Ubuntu

Shared memory operations on very fast ARM hardware suffer from non-atomic operations and race conditions.

Reported by Matthias Klose on 2008-11-19
6
Affects Status Importance Assigned to Milestone
libipc-sharelite-perl (Ubuntu)
Low
Loïc Minier
Jaunty
High
Michael Casadevall
linux (Ubuntu)
Low
Michael Casadevall
Jaunty
Low
Michael Casadevall

Bug Description

On extremely fast ARM boards (BogoMIPS over 900), issues involving shared memory and locking crop up, and were initially discovered via libipc-sharelite-perl's test suite. There is a lag in between posted a value to shared memory, and then being able to retrieve it, a lag which cause introduce race conditions as seen in libipc-sharelite-perl.

Original Bug Report:
http://launchpadlibrarian.net/19661148/buildlog_ubuntu-jaunty-armel.libipc-sharelite-perl_0.13-1build2_FAILEDTOBUILD.txt.gz

/usr/bin/make test
make[1]: Entering directory `/build/buildd/libipc-sharelite-perl-0.13'
PERL_DL_NONLAZY=1 /usr/bin/perl "-MExtUtils::Command::MM" "-e" "test_harness(0, 'blib/lib', 'blib/arch')" t/*.t
t/00-load......# Testing IPC::ShareLite 0.13
ok
t/pod..........ok
t/sharelite....
# Failed test 'num_segments'
# at t/sharelite.t line 40.
# got: '2'
# expected: '3'

# Failed test 'lock'
# at t/sharelite.t line 71.
# got: '1008'
# expected: '2000'

# Failed test 'version inc'
# at t/sharelite.t line 72.
# got: '1012'
# expected: '2004'
# Looks like you failed 3 tests of 14.
dubious
 Test returned status 3 (wstat 768, 0x300)
DIED. FAILED tests 10, 13-14
 Failed 3/14 tests, 78.57% okay
Failed Test Stat Wstat Total Fail List of Failed
-------------------------------------------------------------------------------
t/sharelite.t 3 768 14 3 10 13-14
Failed 1/3 test scripts. 3/16 subtests failed.
Files=3, Tests=16, 1 wallclock secs ( 1.36 cusr + 0.08 csys = 1.44 CPU)
Failed 1/3 test programs. 3/16 subtests failed.
make[1]: *** [test_dynamic] Error 3
make[1]: Leaving directory `/build/buildd/libipc-sharelite-perl-0.13'

Matthias Klose (doko) on 2008-11-19
Changed in libipc-sharelite-perl:
importance: Undecided → High
status: New → Triaged
Loïc Minier (lool) wrote :

It seems build3 built on armel; is this still an issue? Do you have an updated build log?

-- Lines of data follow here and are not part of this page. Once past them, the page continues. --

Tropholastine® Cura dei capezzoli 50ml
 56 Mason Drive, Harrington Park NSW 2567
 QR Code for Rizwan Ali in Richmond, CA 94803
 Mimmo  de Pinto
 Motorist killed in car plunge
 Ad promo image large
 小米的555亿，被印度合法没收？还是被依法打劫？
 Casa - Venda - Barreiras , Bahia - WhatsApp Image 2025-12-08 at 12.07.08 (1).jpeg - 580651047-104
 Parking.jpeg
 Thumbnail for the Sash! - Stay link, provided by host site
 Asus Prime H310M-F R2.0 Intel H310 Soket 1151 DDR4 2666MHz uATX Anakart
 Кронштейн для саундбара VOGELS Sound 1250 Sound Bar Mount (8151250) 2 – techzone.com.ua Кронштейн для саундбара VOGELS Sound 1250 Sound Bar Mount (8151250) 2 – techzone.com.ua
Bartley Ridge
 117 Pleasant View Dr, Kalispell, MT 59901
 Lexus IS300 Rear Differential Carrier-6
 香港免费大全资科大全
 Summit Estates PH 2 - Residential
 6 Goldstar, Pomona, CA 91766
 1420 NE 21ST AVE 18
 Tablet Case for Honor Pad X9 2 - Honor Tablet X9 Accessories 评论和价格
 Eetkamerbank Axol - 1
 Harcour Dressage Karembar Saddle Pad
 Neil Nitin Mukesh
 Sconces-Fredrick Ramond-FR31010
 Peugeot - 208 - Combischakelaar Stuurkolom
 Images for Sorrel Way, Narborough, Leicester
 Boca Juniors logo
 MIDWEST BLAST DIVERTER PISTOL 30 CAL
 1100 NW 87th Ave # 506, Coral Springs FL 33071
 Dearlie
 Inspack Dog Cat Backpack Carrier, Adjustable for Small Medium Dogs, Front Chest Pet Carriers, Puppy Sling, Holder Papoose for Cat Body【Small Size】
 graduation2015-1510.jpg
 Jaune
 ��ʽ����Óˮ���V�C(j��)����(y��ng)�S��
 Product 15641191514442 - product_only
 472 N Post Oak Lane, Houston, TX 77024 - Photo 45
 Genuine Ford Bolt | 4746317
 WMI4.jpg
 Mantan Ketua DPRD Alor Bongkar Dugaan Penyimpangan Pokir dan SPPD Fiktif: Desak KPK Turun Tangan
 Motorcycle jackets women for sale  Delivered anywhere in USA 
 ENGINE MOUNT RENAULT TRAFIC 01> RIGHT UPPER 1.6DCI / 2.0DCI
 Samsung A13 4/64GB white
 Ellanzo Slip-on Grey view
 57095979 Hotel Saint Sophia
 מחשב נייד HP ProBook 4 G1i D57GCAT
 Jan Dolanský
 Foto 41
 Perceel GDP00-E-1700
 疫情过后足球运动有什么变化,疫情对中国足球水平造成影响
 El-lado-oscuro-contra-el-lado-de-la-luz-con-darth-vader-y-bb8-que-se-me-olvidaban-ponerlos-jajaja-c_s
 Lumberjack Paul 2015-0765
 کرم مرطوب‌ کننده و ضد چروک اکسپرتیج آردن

Steve Langasek (vorlon) wrote :

If build3 succeeded, I think we can consider this issue resolved unless/until it shows up again.

Changed in libipc-sharelite-perl:
status: Triaged → Fix Released

reopened. just builds because the testsuite results are ignored on armel for the last upload.

Changed in libipc-sharelite-perl:
status: Fix Released → Triaged

build3 disabled testsuite failures on armel which is why it passed; sorry.

However I couldn't reproduce the issue on my armel babbage (testsuite passed); I've uploaded build4 to see how it goes on the buildd nowadays.

So it failed on the buildds again.

It could be that the SHM segment is already used, but that would fail more tests. I suspect it's a board specific issue in the support of SHM features.

I couldn't reproduce on my evm board either.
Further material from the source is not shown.